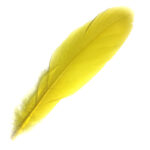 Goose Shoulder Bright Yellow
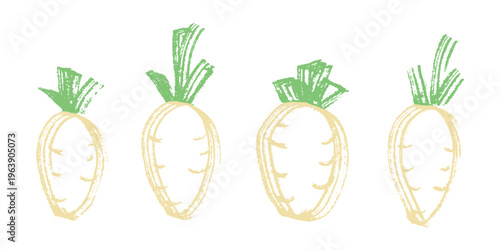 Hand drawn farm daikon radish plant with green leaves Fresh vegetable doodle set Healthy eco food Organic garden vegetarian food For design, print, packaging, decor, kids books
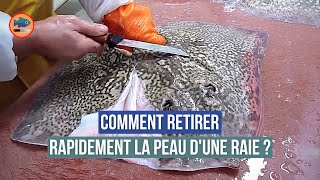 Comment retirer la peau dune raie  par un mareyeur [upl. by Hollander]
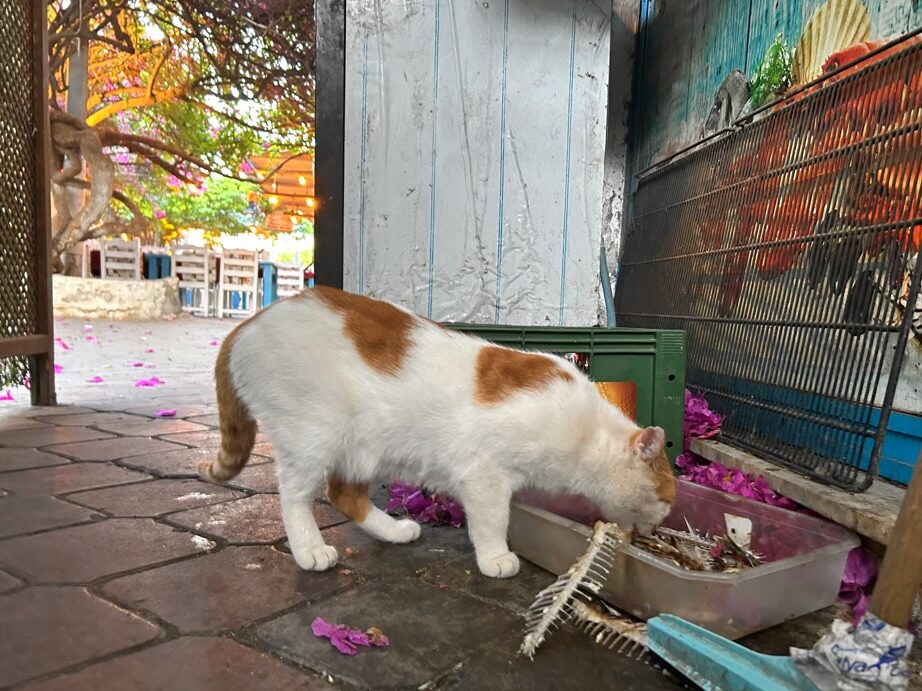 hotel feeds homeless cats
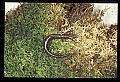 10901-00016-Cheat Mountain Salamander-Endangered.jpg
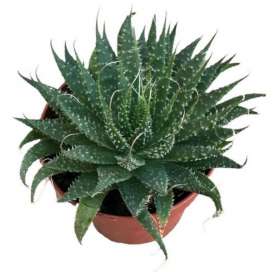Aloe Aristata, Torch Plant....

:::

The task: The entries above need to be output again in full, exactly, and without pictures.

Answer below:
 Goose Shoulder Bright Yellow
 Hand drawn farm daikon radish plant with green leaves Fresh vegetable doodle set Healthy eco food Organic garden vegetarian food For design, print, packaging, decor, kids books
 Comment retirer la peau dune raie  par un mareyeur [upl. by Hollander]
 hotel feeds homeless cats
 10901-00016-Cheat Mountain Salamander-Endangered.jpg
Aloe Aristata, Torch Plant....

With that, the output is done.